Recensione: Terrarium di G. Manacorda

Ci estingueremo con un semplice ritorno allo stato bestiale. Così saremo tutti uguali.

In un mondo invaso da rettili mutanti, gli esseri umani sopravvivono aspettando la fine. Nella disperazione e nel combattimento, un attore fallito si riappropria della sua esistenza scrivendo alla madre che non c’è più. I ricordi, le paure e le frustrazioni del protagonista rivivono in quelle lettere immaginarie mentre a teatro – ultimo tempio di civiltà – un gruppo di attori tenta di mettere in scena la tragedia di Edipo. Un romanzo enigmatico e avvincente, una riflessione sul destino dell’umanità avviata alla catastrofe. Ma la storia avrà un esito imprevedibile.

RECENSIONE

Salve amici di LDFO, il libro al centro del commento di oggi non è una nuova uscita, tuttavia, merita di essere conosciuto di più e mi riferisco a “Terrarium”, edito da Voland nel 2015, di Giorgio Manacorda.

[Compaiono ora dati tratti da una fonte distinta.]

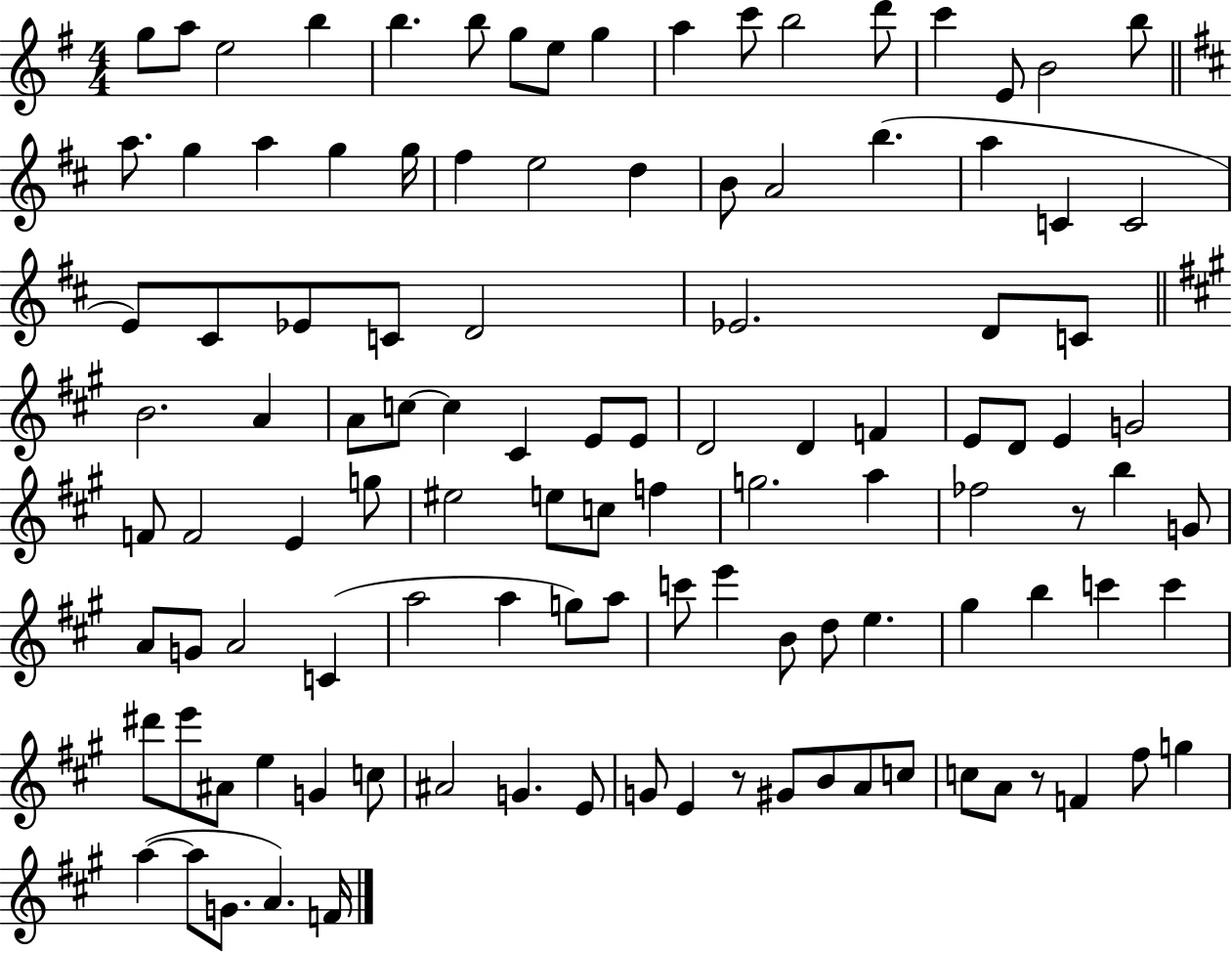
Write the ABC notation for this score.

X:1
T:Untitled
M:4/4
L:1/4
K:G
g/2 a/2 e2 b b b/2 g/2 e/2 g a c'/2 b2 d'/2 c' E/2 B2 b/2 a/2 g a g g/4 ^f e2 d B/2 A2 b a C C2 E/2 ^C/2 _E/2 C/2 D2 _E2 D/2 C/2 B2 A A/2 c/2 c ^C E/2 E/2 D2 D F E/2 D/2 E G2 F/2 F2 E g/2 ^e2 e/2 c/2 f g2 a _f2 z/2 b G/2 A/2 G/2 A2 C a2 a g/2 a/2 c'/2 e' B/2 d/2 e ^g b c' c' ^d'/2 e'/2 ^A/2 e G c/2 ^A2 G E/2 G/2 E z/2 ^G/2 B/2 A/2 c/2 c/2 A/2 z/2 F ^f/2 g a a/2 G/2 A F/4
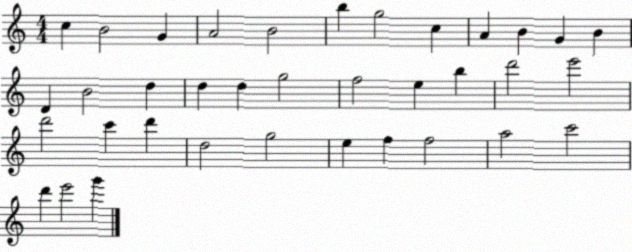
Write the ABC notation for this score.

X:1
T:Untitled
M:4/4
L:1/4
K:C
c B2 G A2 B2 b g2 c A B G B D B2 d d d g2 f2 e b d'2 e'2 d'2 c' d' d2 g2 e f f2 a2 c'2 d' e'2 g'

Il mondo che l’autore dipinge ha colori sfalsati: rigagnoli neri, cielo tendente al viola o al giallo, alberi le cui chiome sono di malsano blu. Segni incontrovertibili che di salubre lì ci sia ben poco e l’umanità sembra ormai rassegnata a questo triste destino già scritto poiché dei rettili mutanti stanno scorrazzando a piede libero, decimando barbaramente la popolazione.
L’intelaiatura narrativa è improntata sulla forma epistolare; la voce narrante è quella di un attore che si rivolge alla madre morta, ma queste lettere al contempo rappresentano una sorta di diario in cui il protagonista riversa ricordi e sensazioni, episodi di questa quotidianità dove il pericolo è appostato dietro l’angolo.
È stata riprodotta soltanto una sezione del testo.